Canada was in blue sky. Now it is not in blue sky. Very oversold and very bearish.
It’s bearish out there! But seriously, margin calls are ongoing and lots of novice players are getting swept up in this “panty raid” as one subscriber calls it. Personally, I was not good enough to have enough shorts (i.e. I did not foresee the crash) and even then I covered the shorts too soon (never been a great momentum player, whether long or short; I need setups).

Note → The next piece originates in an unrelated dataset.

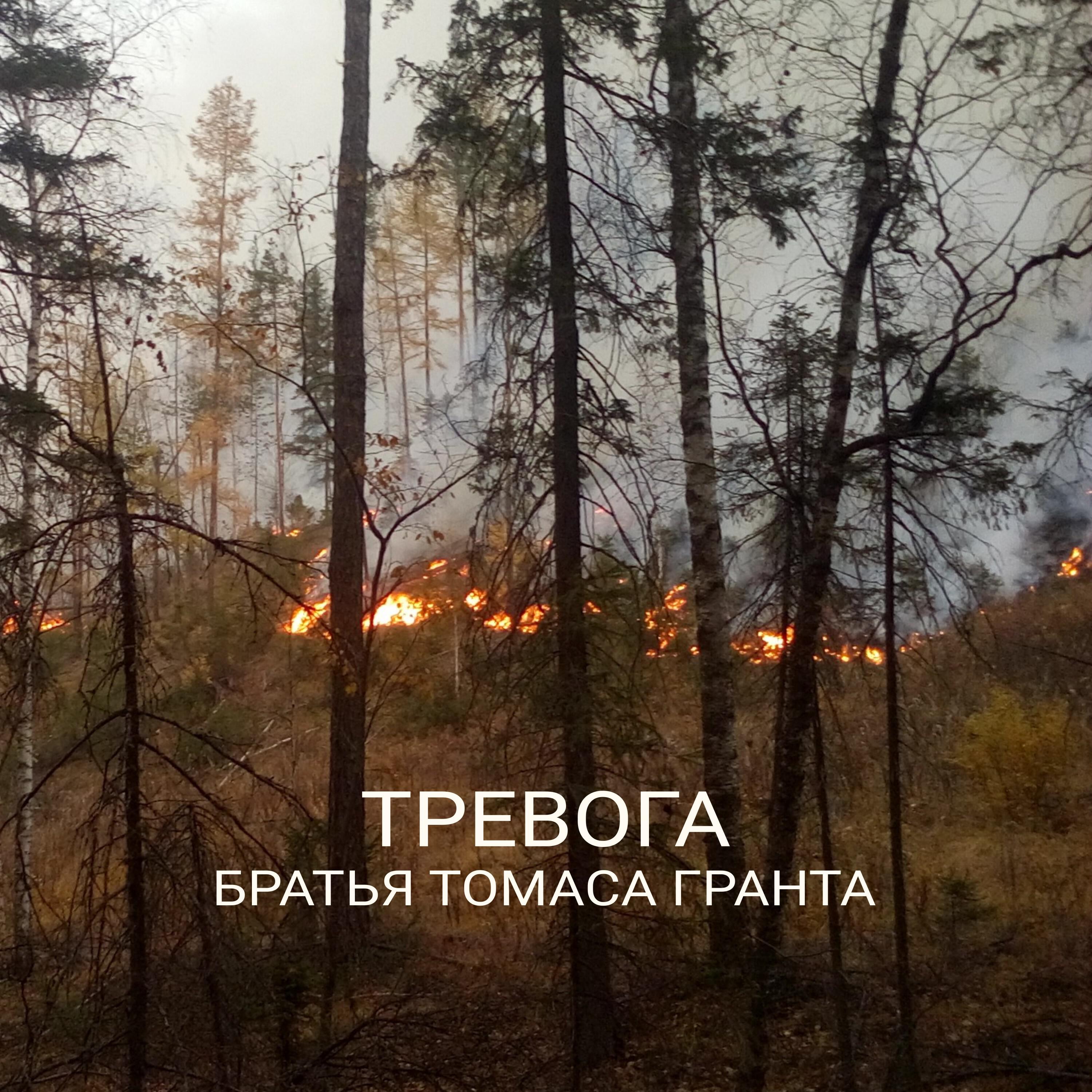 Братья Томаса Гранта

So the next best thing is dividend paying cash and an eye toward what is ahead. If the cycle really is changing, the gold sector, when it finishes grinding, is going to be the place to be. Quality gold and silver mining operations. Yet the stock market is not dead yet. This could be the first crack in a new bear market, but this will take management. For me, the interesting thing will be the first real bounce. From there I’d think indicators will start falling into place to create a narrative, perhaps even a new one for the macro that we have been patiently awaiting.
There is a lot of information to process. I hope this update is not too noisy. We’ll dig out key elements in as calm a manner as possible going forward.